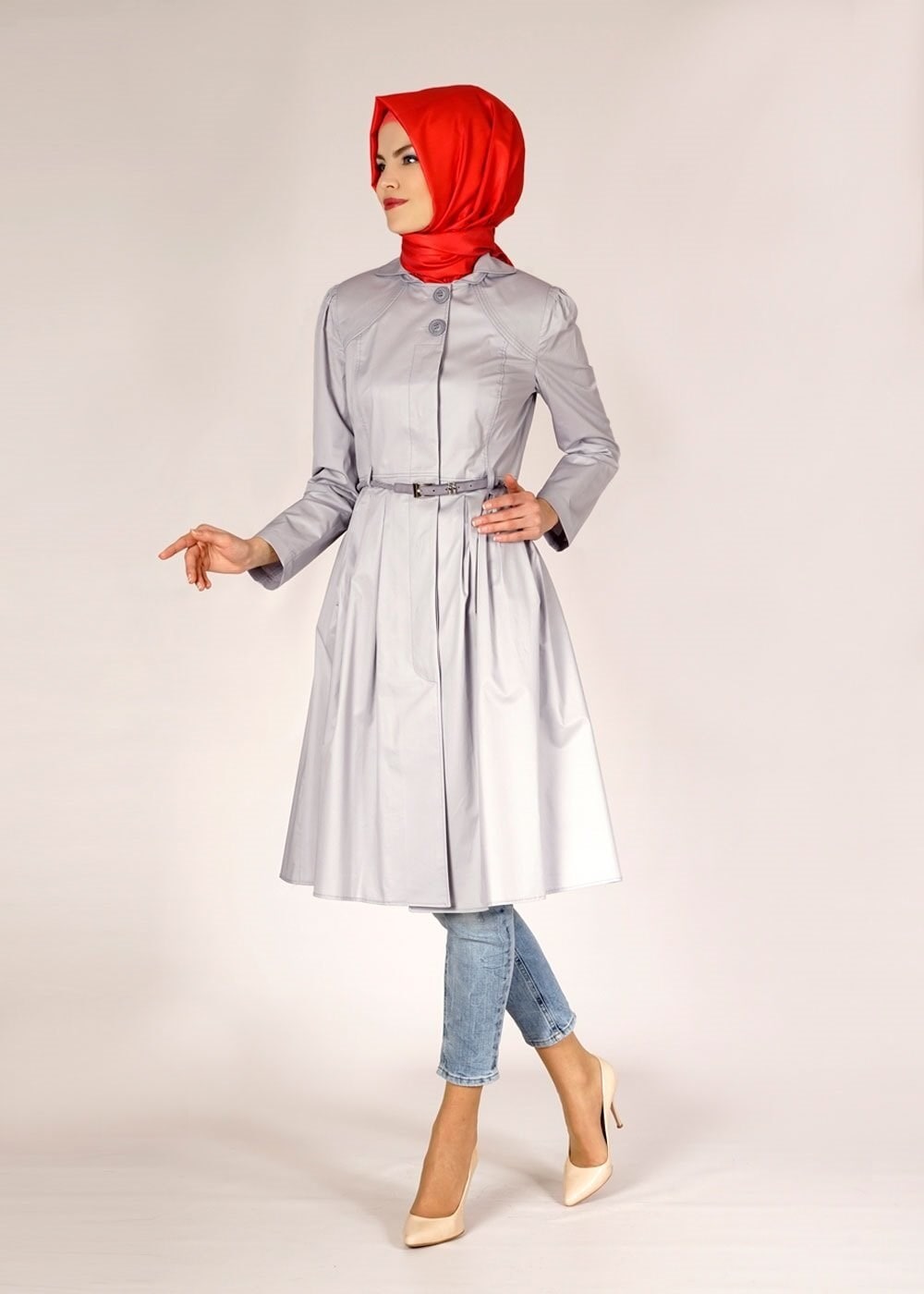 Tesettür giyim GRİ DÜĞME DETAYLI TRENÇKOT 1451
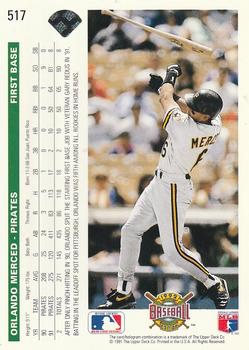 Orlando Merced  baseball card collectible - Main Image 2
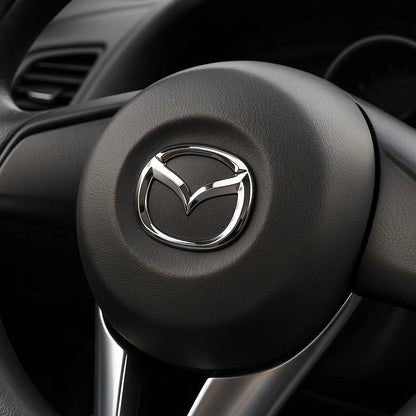 Emblem Badge Steering Wheel Center Chrome Sticker Fit Mazda 2/3/5/6 & CX‑3/CX‑5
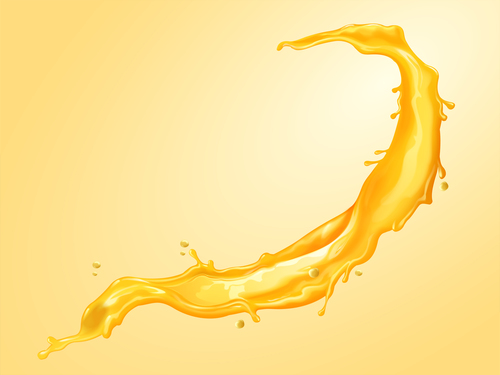 Orange juice splash vector illustration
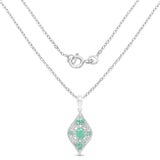 1.23 Carat Genuine Emerald & White Topaz .925 Sterling Silver Pendant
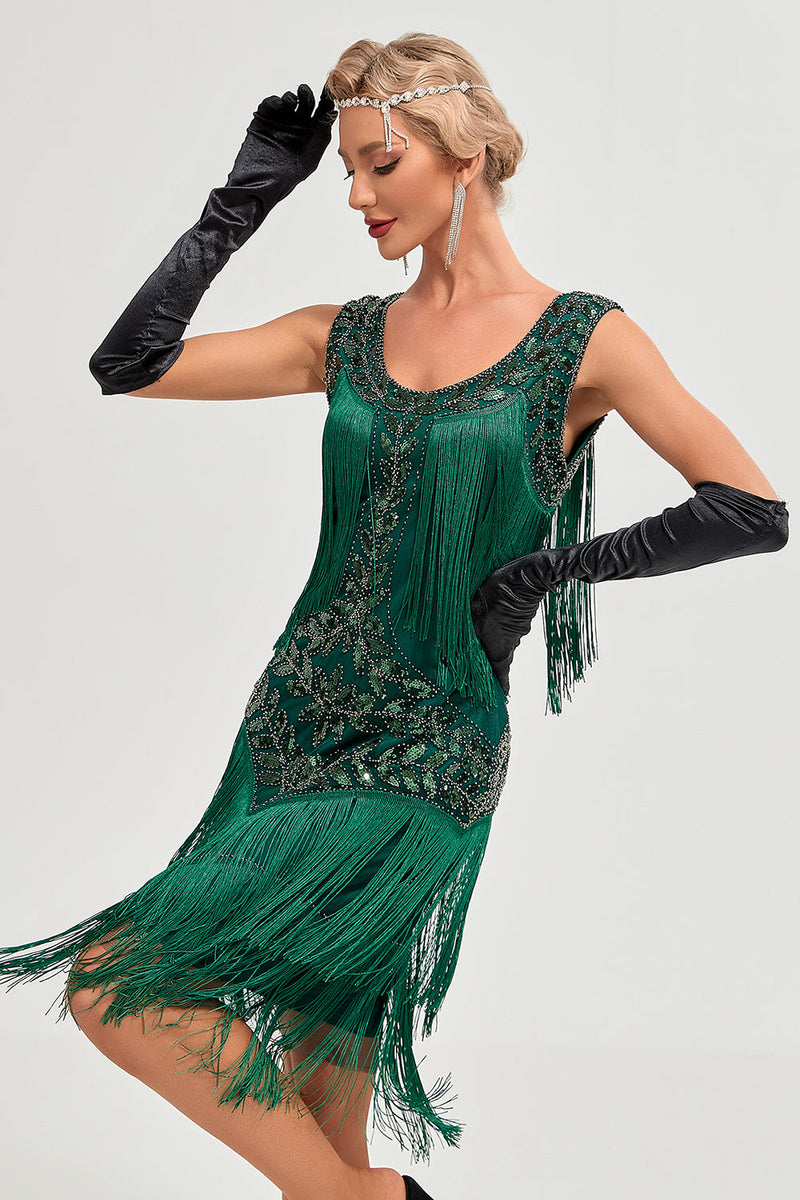 Laden Sie das Bild in den Galerie-Viewer, Schwarzes Flapper 1920er Jahre Gatsby Kleid mit Pailletten und Fransen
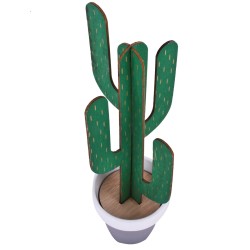 Kaktus Deko Keramik-Holz 29cm grau-grün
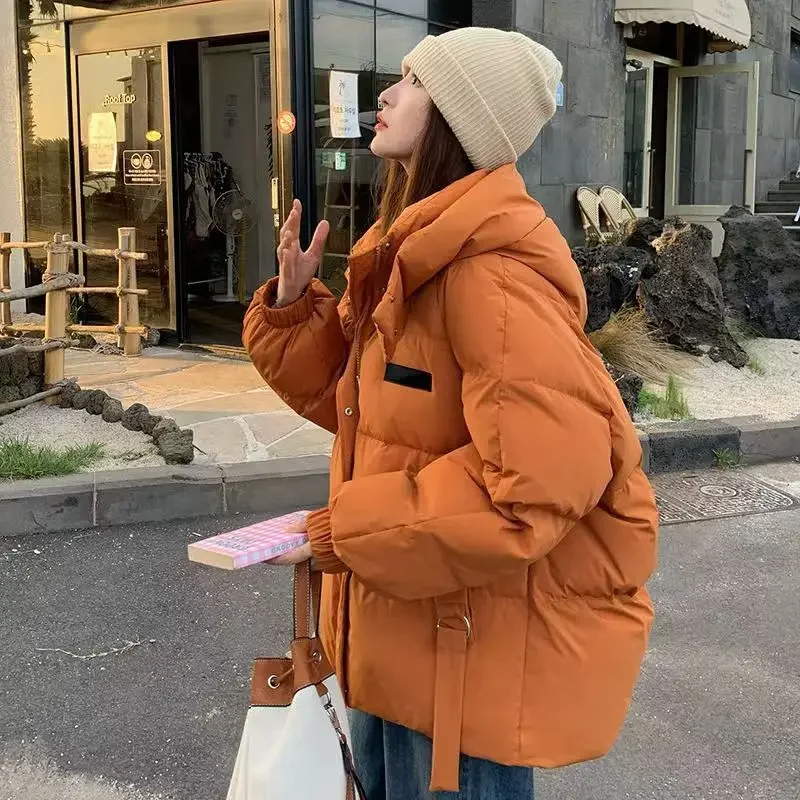 Juspinice Cappotto imbottito in cotone con cappuccio corto allentato in piumino oversize da donna Giacca invernale lunga e spessa Nuova tendenza Abbigliamento per il tempo libero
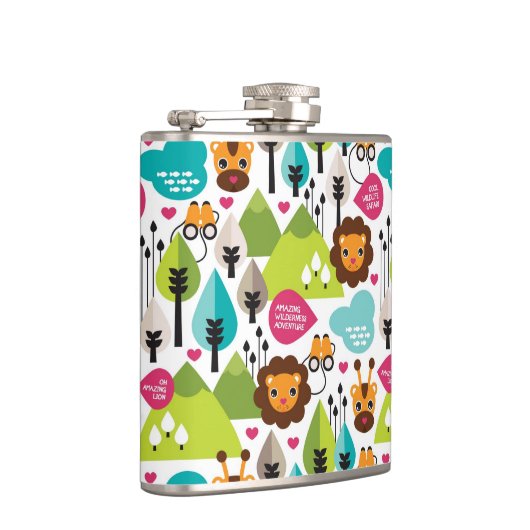 Retro Kindersafari-Löwewild lebende tiere Flachmann (Rechts)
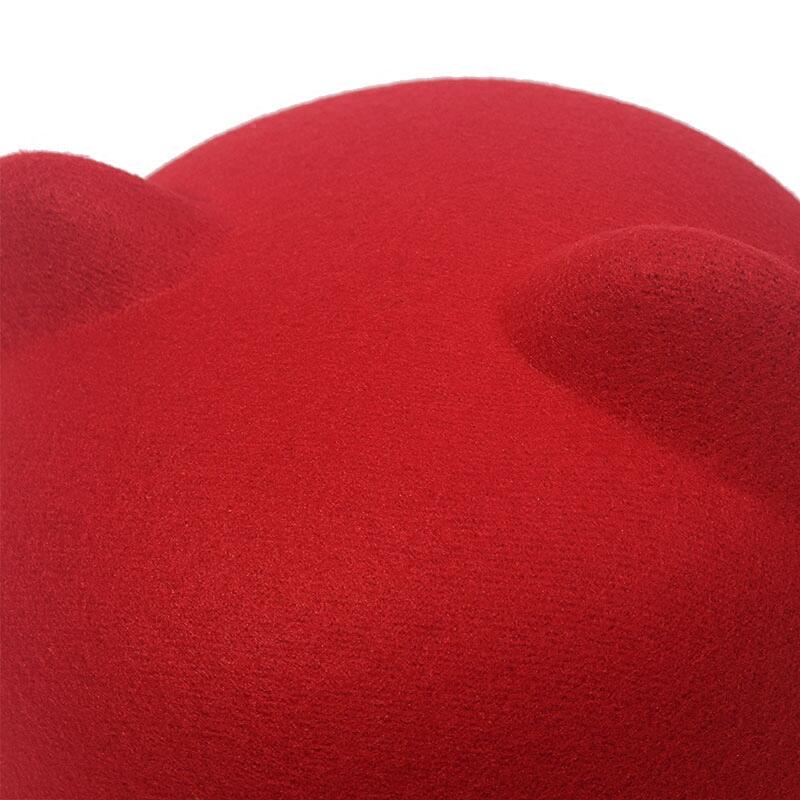 SUOGRY Mother daughter felt fedora hat child adult solid color cat ears short brim hat for women men equestrian knight caps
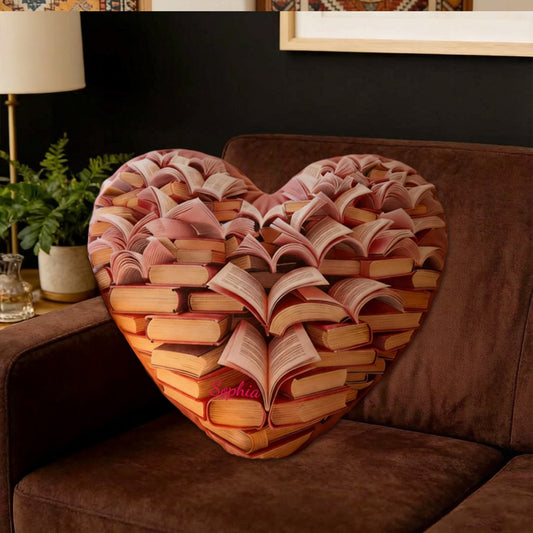Personalized Book Heart Pillow with Custom Name, Book Lover Gift, Valentine Birthday Reading Cushion for Kids, Boys & Girls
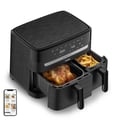 Miniatyrbild 1 av 6: TEFAL Easy Fry Dual Oljefri fritös, Kapacitet 8,3 L, 8 personer, 2 lådor, 7 program, Pekskärm, luftfritös EY901N10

+ + +

| PROBLEM STATEMENT |
Starting at the line that contains "Personalized Book Heart", reproduce every line through the last one in the records exactly, and omit all pictures.

| WRITTEN ANSWER |
Personalized Book Heart Pillow with Custom Name, Book Lover Gift, Valentine Birthday Reading Cushion for Kids, Boys & Girls
 Miniatyrbild 1 av 6: TEFAL Easy Fry Dual Oljefri fritös, Kapacitet 8,3 L, 8 personer, 2 lådor, 7 program, Pekskärm, luftfritös EY901N10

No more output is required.